If I had stopped and thought that thought, I might have focused on myself a little more and saved my mother a little less. I also might have collapsed in a heap of self-pity; who knows? What I do know is that I was handling a lion’s share of adult responsibilities when I should have had only an adolescent portion, and it wasn’t fair. I just charged ahead, doubling down on the cards I was dealt, and I’m repairing that damage decades later.
I was not emotionally equipped at the time to acknowledge the absence of fairness and still do what I had to do to take care of my mother, my brother, and myself; to see the truth in the situation but not give in to it.
So I told myself it didn’t matter. It doesn’t matter what should be, here is what is. Deal with it.

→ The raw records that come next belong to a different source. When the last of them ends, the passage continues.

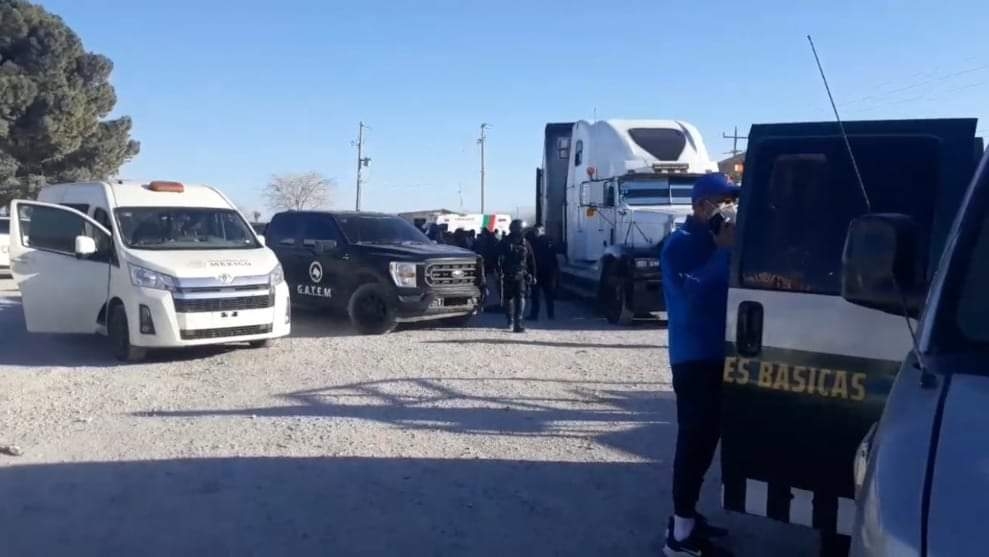 Migrantes asegurados declaran ante el ministerio público federal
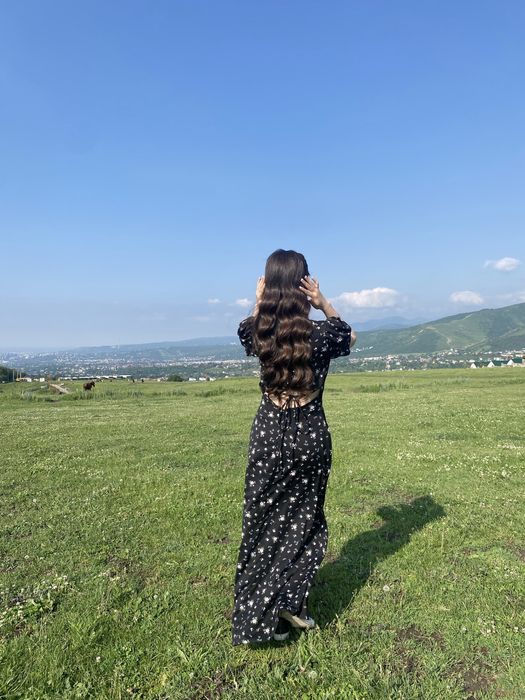 Платье бу С размер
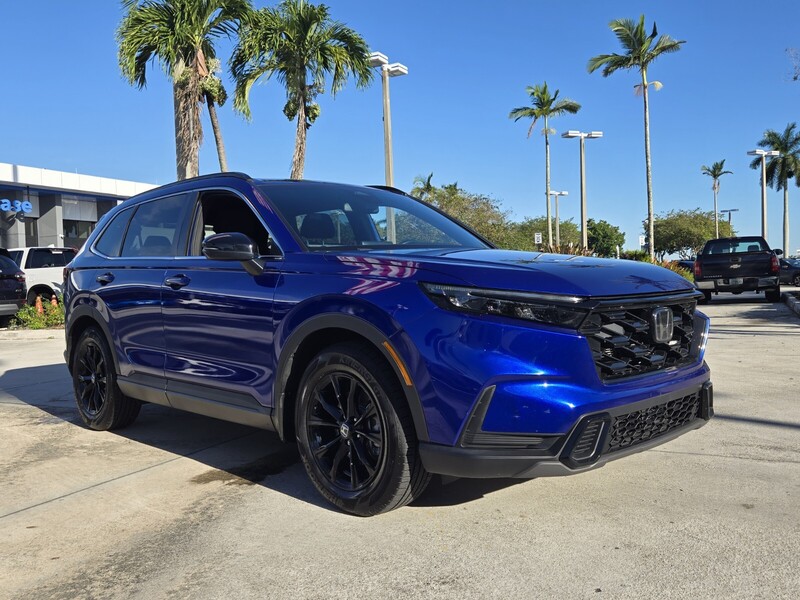 Used 2025 Honda CR-V Hybrid SPORT in DAVIE, FLORIDA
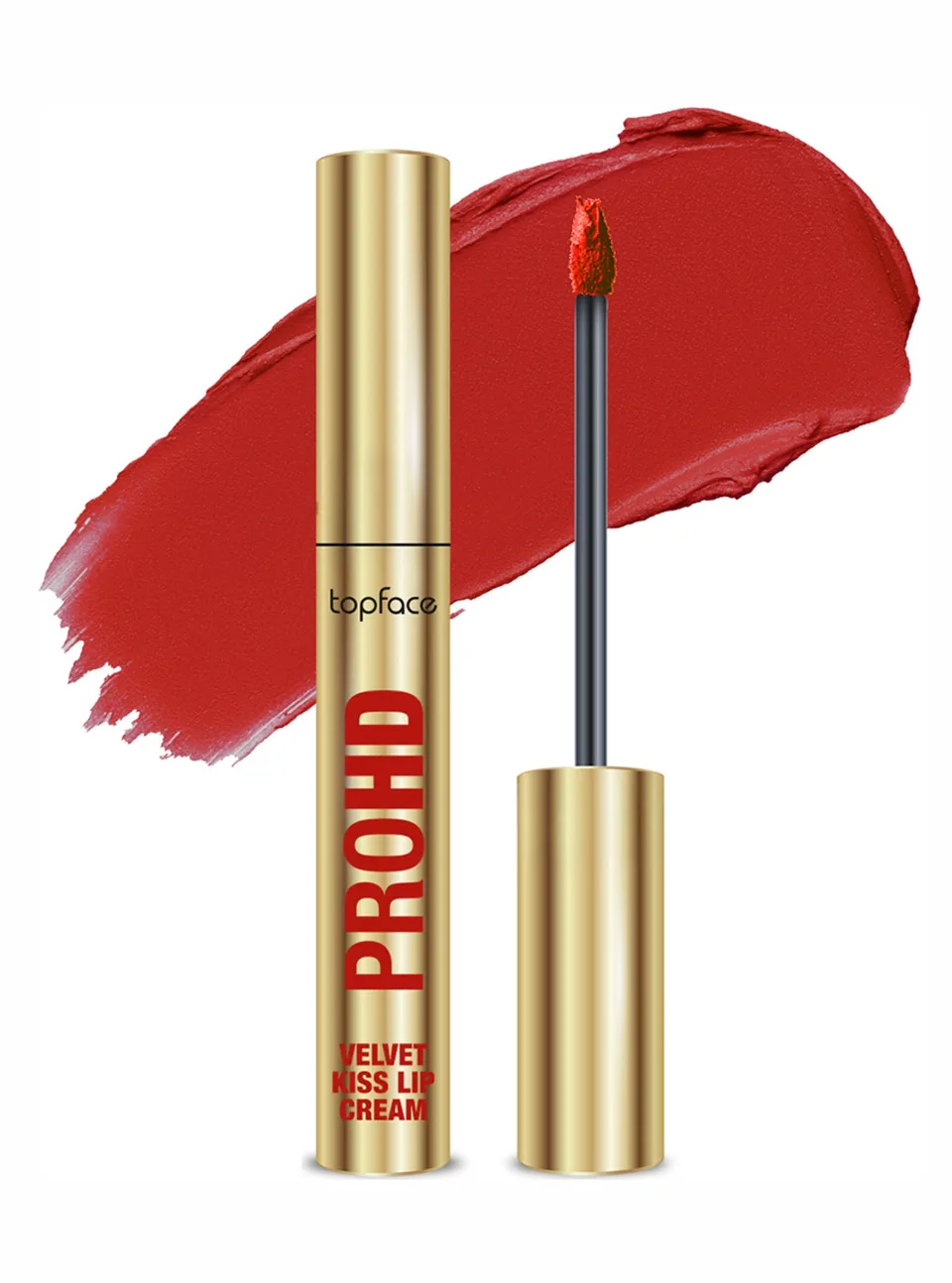 Topface Рідка матова помада PROHD Velvet Kiss Lip Cream №11 Blush Crush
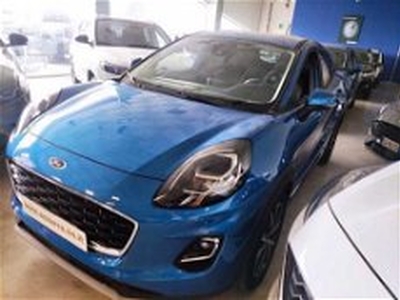 Ford Puma Puma 1.0 ecoboost h Titanium 125cv del 2020 usata a Cuneo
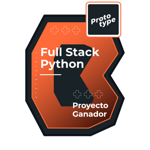 Proyecto Mejor Calificado Prototype Day - Full Stack Python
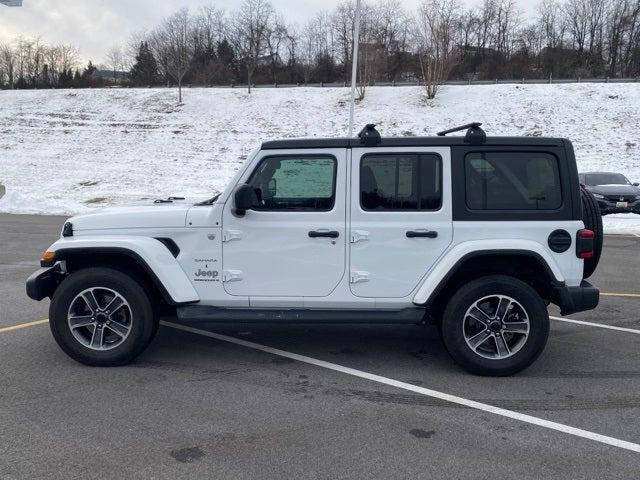 2023 Jeep Wrangler 4-Door Sahara 4x4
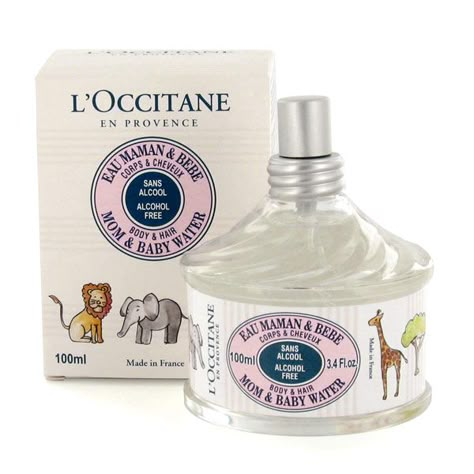 Loccitane Perfume, Baby Perfume, Mom Body, طابع بريدي, Perfume Collection Fragrance, Kids Perfume, Perfume Scents, Sweet Smell, Perfume Lover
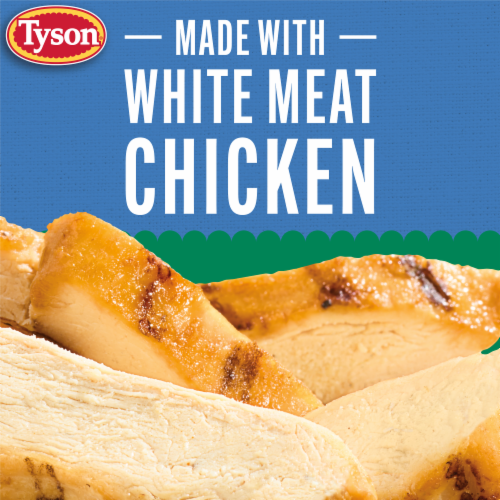 Tyson® Grilled & Ready® Fully Cooked Grilled Chicken Breast Strips Perspective: back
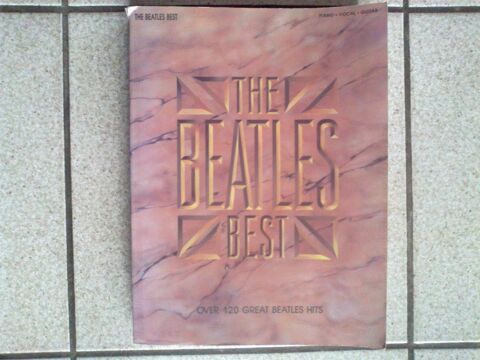 Recueil partitions Les Beatles 29 Challans (85)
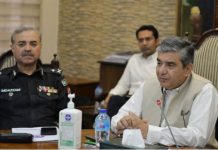 KP Chief Secretary reviews preparations for 2nd phase of LG polls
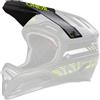 O'NEAL | Ricambi Mountain Bike | MTB Motocross | Visiera di ricambio per il Casco BACKFLIP ECLIPSE V.23 | Visiera di ricambio per il Casco BACKFLIP ECLIPSE V.23 | Grigio Giallo Neon | Taglia unica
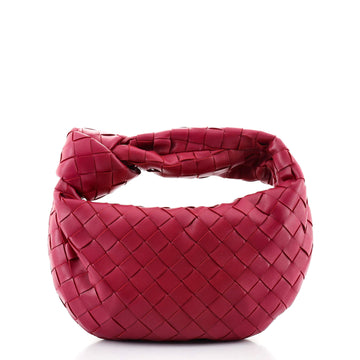 Bottega Veneta BV Jodie Hobo Intrecciato Nappa Mini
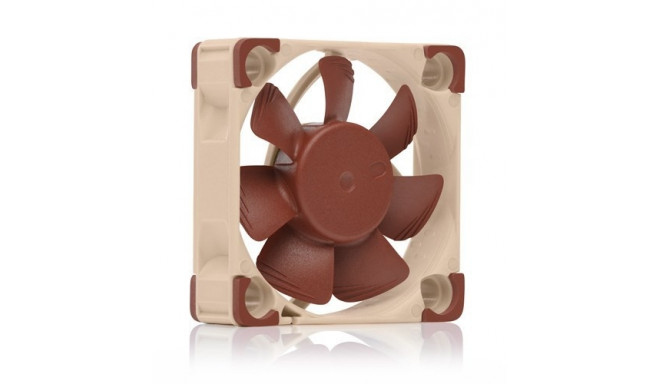 Noctua NF A4x10 PWM Computer case Fan 4 cm Beige, Red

That phrase, "deal with it," is often spat out in a pejorative tone, particularly in the realm of negative self-talk. I've never experienced it as gentle or encouraging, as in "[you can] deal with it" or "[you're strong enough to] deal with it" or "[it sucks that you have to] deal with it [and it's OK to feel that]."
OK, maybe that's a bit much to project onto those three words, but those are things I know I wish I had heard growing up, and that I hope Mariah Lynn can truly feel. However scripted, or at least enhanced, the particular "reality" of this show may be, what I saw was a young woman taking care of her mother in ways that she should not have had to.
However compromised the gravity of the circumstances might have been by the jittery gesticulating that has become the signature of such shows' "confessional" scenes, (which have grown increasingly obvious in their unnaturally coached manner), when Mariah Lynn said that she shouldn’t have to mother her own mother, it hit me in my gut.
This is not, by the way, the sometimes downright heroic caregiving by an adult child for a parent with only medical or clinical illness, or permanent and terminal conditions. And because life is more nuanced than strictly either/or, clinical diagnoses and poor choices can sometimes overlap and intertwine.
But for the adult children who find themselves posting bail for their mother, or not (which is an option as well), you shouldn’t have to parent your parent. Especially if they didn’t parent you when they were supposed to.
It’s up to you how you respond in each situation, but it’s OK to pause and acknowledge how indisputably you shouldn’t have to. It might even help you deal with it.